We have a pallet company nearby. They put out wood for firewood. This time of year, people fill up trailers and trucks.


----------



## JOAT (Apr 9, 2010)

No, I don't love the color either. But I do love pallet wood, using some in the banjo I am supposedly half thru with. Nice job.


----------



## OPG3 (Jan 9, 2011)

Alexis, That is really quite neat and resourceful, and they look very functional. It sounds as if both of you benefitted mutually with your work. In one of your photos, I saw an example of the homemade clamp style that we spoke of quite a while back - it appears to be ideal for this application where you have used it! Great work! I know the lady must be very pleased to become your friend. Take care my friend, Otis Guillebeau


----------



## papasombre (Sep 22, 2011)

OPG3 said:


> Alexis, That is really quite neat and resourceful, and they look very functional. It sounds as if both of you benefitted mutually with your work. In one of your photos, I saw an example of the homemade clamp style that we spoke of quite a while back - it appears to be ideal for this application where you have used it! Great work! I know the lady must be very pleased to become your friend. Take care my friend, Otis Guillebeau


Thank you, Otis.

You are right.

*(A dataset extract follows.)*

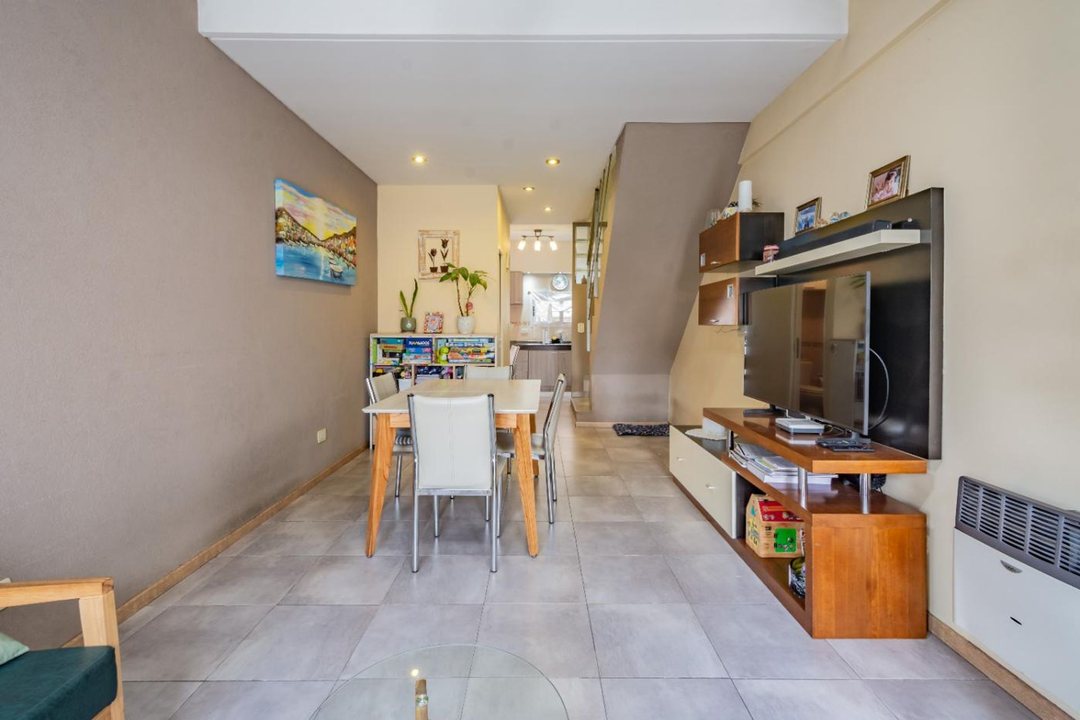 VENTA PH 3 AMBIENTES CON JARDIN Y COCHERA CASTELAR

Both of us were benefitted with this job. When I returned the chair the lady wanted to pay some money but I declined it because I have all the measurements. She told me, as a joke, that the chairs will be included in her will for me.


----------



## JOAT (Apr 9, 2010)

Around here there are some folks advertising used pallets for sale at $1 to $5 each. But why bother? There are plenty more advertising used pallets for free, all you have to do is pick them up. Some are good to reclaim wood from, some are only good for kindling or firewood, but the important part is 'free'. You can also get some intesting wood in them, depending on where they originally came from. I have one that has some very salvagable Spanish Cedar. I've heard of others having teak, mahogany, and so on. But a lot more have oak, pine, and so on. I have a piece of wood from one that I have no idea what it is, but it is 'hard', can't touch it with a rasp, but it nice and clear grain, so it will be the neck of my banjo - eventually.

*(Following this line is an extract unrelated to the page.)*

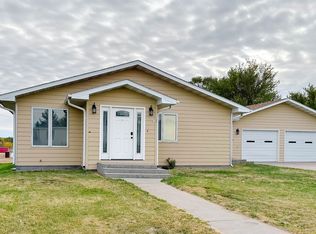 221 S Arikaree, Imperial, NE 69045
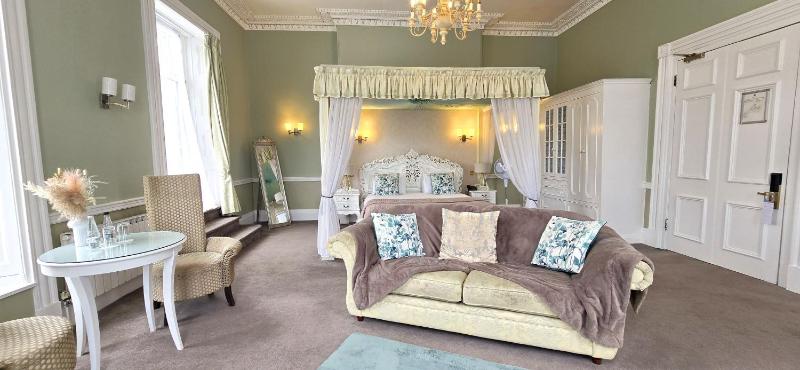Deluxe Four Poster with Sofa image 3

There are a lot of people making furniture and such out of pallets too. Some is pretty, some is pretty ugly. A lot of it could look a lot better if it was painted. But it's all interesting. Check out some examples. furniture from pallet wood - Bing

And, when I was a kid, my grandfather designed, and cut the pieces, for a hunting cabin out of used pallets. Took two trailers to haul them 300 miles north, and that night we slept in a tent, with about a foot of snow on the ground, but the next day all the pieces were together, in about 8 hours, and we slept in the 'cabin' that night. The next day tar paper was added to the outside, along with a heating stove on the inside.


----------



## papasombre (Sep 22, 2011)

JOAT said:


> There are a lot of people making furniture and such out of pallets too. Some is pretty, some is pretty ugly. A lot of it could look a lot better if it was painted. But it's all interesting.


You are right, JOAT. There are so many types of these furniture but I like the style of the ones in the attached pictures.


----------